### DATA SHOWN
# # # #
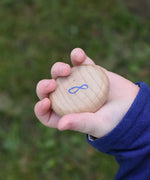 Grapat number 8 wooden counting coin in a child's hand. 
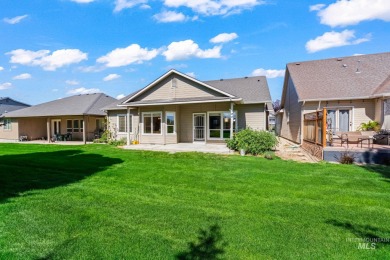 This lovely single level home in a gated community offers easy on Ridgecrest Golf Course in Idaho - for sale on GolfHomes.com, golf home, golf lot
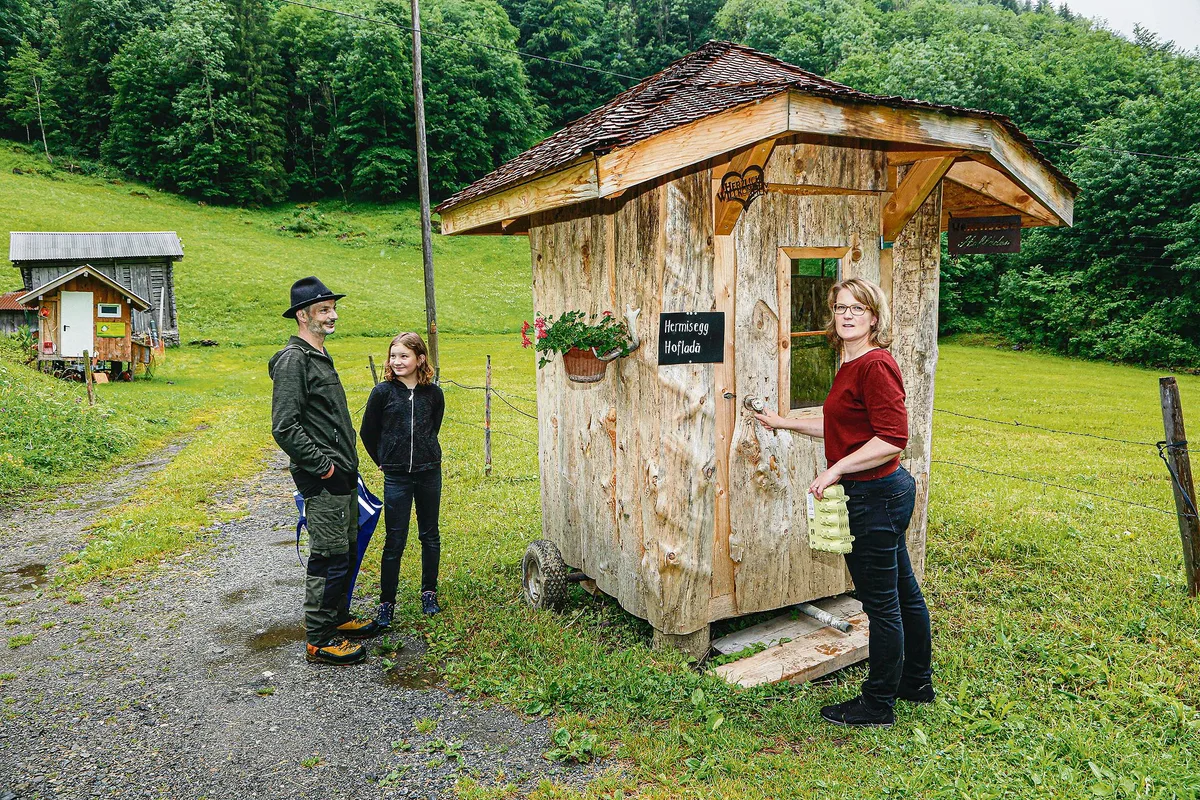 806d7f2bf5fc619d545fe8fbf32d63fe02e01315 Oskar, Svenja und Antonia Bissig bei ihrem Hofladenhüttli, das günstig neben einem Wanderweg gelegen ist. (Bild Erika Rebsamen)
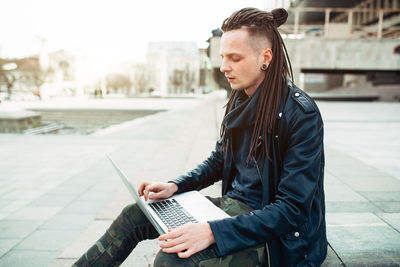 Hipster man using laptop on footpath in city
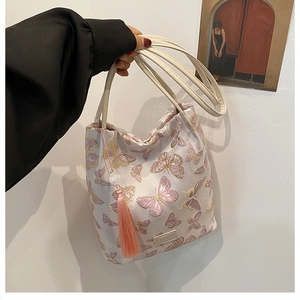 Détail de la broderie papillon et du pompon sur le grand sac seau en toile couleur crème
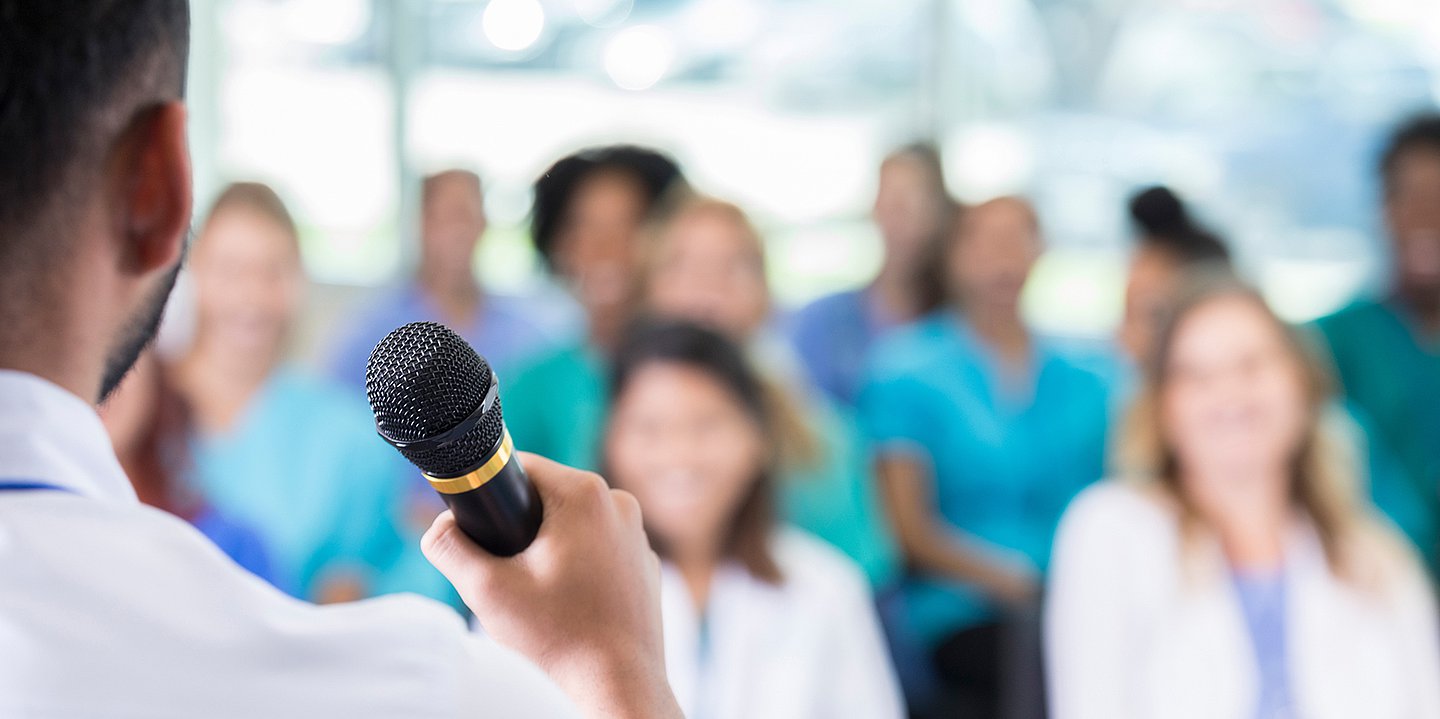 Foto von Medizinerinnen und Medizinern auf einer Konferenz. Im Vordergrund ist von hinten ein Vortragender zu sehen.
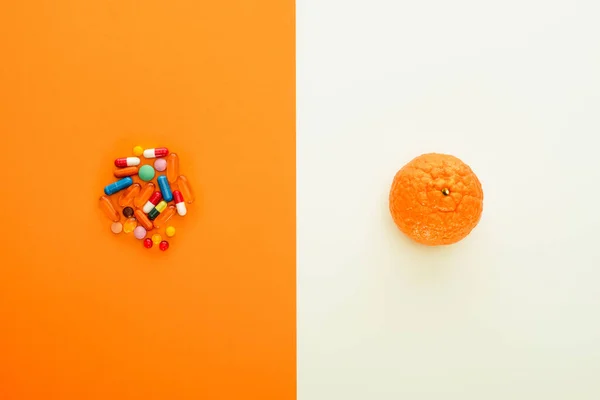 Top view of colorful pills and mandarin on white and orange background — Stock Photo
# # # #
The expected output is the lines from the line that contains "Foto von Medizinerinnen" through the last line of the material, reproduced exactly, with both ends present and pictures absent.

 Foto von Medizinerinnen und Medizinern auf einer Konferenz. Im Vordergrund ist von hinten ein Vortragender zu sehen.
 Top view of colorful pills and mandarin on white and orange background — Stock Photo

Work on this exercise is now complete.